*EXERCISE*
Give the lines below again exactly, starting with the line that holds "MI PIACI Brown" and going on through the line that holds "Lona de Polietileno Foxlux 4x4m Azul".

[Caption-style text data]
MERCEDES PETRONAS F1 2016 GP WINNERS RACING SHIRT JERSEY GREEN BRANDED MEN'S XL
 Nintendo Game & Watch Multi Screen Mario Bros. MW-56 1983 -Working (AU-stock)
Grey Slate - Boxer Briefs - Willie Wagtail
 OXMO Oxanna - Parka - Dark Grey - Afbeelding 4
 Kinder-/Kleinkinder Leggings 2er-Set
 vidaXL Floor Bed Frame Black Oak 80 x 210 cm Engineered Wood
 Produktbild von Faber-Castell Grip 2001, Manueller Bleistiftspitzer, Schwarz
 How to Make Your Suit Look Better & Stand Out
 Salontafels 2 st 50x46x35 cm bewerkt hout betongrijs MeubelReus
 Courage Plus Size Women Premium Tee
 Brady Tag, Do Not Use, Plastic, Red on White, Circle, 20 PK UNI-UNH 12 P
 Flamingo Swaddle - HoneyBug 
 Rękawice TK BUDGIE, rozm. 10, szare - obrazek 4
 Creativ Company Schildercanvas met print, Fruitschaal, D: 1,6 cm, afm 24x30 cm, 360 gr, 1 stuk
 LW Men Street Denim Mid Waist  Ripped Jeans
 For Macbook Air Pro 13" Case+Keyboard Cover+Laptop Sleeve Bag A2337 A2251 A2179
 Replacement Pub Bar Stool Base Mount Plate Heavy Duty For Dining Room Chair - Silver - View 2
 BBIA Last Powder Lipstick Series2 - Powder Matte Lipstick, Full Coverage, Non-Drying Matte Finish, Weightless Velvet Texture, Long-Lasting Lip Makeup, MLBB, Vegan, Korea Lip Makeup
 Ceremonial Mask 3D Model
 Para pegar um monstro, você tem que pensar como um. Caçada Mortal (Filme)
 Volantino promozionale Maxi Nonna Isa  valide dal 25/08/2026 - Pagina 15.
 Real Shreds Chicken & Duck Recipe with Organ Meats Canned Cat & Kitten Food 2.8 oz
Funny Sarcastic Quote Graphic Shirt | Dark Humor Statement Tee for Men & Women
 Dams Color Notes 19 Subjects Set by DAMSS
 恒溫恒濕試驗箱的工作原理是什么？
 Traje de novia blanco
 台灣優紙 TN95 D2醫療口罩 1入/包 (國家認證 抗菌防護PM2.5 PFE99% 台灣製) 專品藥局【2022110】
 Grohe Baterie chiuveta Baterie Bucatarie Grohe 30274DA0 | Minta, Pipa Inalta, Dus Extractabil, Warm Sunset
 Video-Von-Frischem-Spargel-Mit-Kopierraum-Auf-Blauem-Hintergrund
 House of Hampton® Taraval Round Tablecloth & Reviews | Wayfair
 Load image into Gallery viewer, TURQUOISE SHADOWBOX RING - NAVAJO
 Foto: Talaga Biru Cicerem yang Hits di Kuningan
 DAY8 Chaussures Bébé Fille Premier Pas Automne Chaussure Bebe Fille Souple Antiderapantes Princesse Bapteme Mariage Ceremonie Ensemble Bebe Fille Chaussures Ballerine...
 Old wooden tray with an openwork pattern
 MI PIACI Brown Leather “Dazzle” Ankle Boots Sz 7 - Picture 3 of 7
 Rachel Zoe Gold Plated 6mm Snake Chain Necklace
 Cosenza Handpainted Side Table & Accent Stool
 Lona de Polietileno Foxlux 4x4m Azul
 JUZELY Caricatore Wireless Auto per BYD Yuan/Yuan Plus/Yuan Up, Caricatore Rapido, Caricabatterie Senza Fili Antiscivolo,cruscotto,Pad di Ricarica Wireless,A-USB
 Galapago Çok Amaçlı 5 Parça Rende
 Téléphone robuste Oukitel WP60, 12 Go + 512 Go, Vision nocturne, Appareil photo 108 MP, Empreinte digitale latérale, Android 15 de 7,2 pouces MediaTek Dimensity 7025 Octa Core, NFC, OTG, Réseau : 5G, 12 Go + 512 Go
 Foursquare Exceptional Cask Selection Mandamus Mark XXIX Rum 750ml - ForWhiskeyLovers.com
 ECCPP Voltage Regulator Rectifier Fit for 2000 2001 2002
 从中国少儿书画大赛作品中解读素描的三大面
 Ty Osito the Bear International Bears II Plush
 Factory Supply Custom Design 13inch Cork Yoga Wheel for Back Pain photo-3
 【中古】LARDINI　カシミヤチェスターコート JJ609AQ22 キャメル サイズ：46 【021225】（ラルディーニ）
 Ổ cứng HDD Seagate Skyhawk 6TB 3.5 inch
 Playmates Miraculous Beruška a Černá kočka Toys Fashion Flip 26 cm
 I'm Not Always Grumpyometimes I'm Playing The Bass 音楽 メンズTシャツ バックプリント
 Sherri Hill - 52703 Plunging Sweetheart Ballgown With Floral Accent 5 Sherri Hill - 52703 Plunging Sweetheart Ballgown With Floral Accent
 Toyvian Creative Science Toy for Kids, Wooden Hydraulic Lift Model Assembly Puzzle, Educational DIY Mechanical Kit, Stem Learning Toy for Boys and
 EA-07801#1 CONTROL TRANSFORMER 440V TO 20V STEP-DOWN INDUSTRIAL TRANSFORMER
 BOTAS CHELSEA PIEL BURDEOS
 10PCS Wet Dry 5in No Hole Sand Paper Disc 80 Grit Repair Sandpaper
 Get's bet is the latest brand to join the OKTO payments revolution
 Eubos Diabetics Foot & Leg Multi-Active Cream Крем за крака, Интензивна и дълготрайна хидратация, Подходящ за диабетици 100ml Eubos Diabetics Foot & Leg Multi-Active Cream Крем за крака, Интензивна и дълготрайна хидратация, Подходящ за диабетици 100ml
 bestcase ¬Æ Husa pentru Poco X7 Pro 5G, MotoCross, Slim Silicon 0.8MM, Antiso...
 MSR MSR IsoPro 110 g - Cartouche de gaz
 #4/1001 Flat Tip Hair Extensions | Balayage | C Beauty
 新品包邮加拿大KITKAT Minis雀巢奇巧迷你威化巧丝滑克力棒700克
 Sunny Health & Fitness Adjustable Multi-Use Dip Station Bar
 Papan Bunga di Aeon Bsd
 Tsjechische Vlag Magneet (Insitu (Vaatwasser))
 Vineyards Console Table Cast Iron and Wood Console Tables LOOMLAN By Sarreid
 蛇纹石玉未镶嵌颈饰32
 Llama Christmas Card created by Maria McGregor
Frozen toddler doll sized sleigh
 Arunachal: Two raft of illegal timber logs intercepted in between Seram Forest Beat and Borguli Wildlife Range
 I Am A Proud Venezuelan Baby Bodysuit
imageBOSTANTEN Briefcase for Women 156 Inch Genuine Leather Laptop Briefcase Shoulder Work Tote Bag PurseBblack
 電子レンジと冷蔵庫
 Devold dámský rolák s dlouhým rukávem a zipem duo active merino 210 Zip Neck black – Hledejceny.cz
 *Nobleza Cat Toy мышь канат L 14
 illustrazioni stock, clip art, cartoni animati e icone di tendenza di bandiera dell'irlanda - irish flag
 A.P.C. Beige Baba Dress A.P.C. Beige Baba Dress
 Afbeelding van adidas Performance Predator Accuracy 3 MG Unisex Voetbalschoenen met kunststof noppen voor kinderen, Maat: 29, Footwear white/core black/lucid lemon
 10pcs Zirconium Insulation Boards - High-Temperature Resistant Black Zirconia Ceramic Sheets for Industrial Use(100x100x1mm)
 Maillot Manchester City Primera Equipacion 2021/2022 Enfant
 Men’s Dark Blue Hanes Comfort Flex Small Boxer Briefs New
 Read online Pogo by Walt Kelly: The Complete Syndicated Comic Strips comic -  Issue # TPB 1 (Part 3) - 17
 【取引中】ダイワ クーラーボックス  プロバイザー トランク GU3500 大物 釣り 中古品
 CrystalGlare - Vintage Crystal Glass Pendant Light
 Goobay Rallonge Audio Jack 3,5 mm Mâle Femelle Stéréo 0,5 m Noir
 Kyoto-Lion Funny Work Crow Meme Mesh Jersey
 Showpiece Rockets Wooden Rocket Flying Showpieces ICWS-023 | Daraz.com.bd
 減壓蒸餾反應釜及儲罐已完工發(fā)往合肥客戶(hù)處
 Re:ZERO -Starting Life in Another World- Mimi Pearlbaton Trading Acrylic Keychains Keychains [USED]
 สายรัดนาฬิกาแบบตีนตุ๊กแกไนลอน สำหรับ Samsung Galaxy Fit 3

*ANSWER SECTION*
 MI PIACI Brown Leather “Dazzle” Ankle Boots Sz 7 - Picture 3 of 7
 Rachel Zoe Gold Plated 6mm Snake Chain Necklace
 Cosenza Handpainted Side Table & Accent Stool
 Lona de Polietileno Foxlux 4x4m Azul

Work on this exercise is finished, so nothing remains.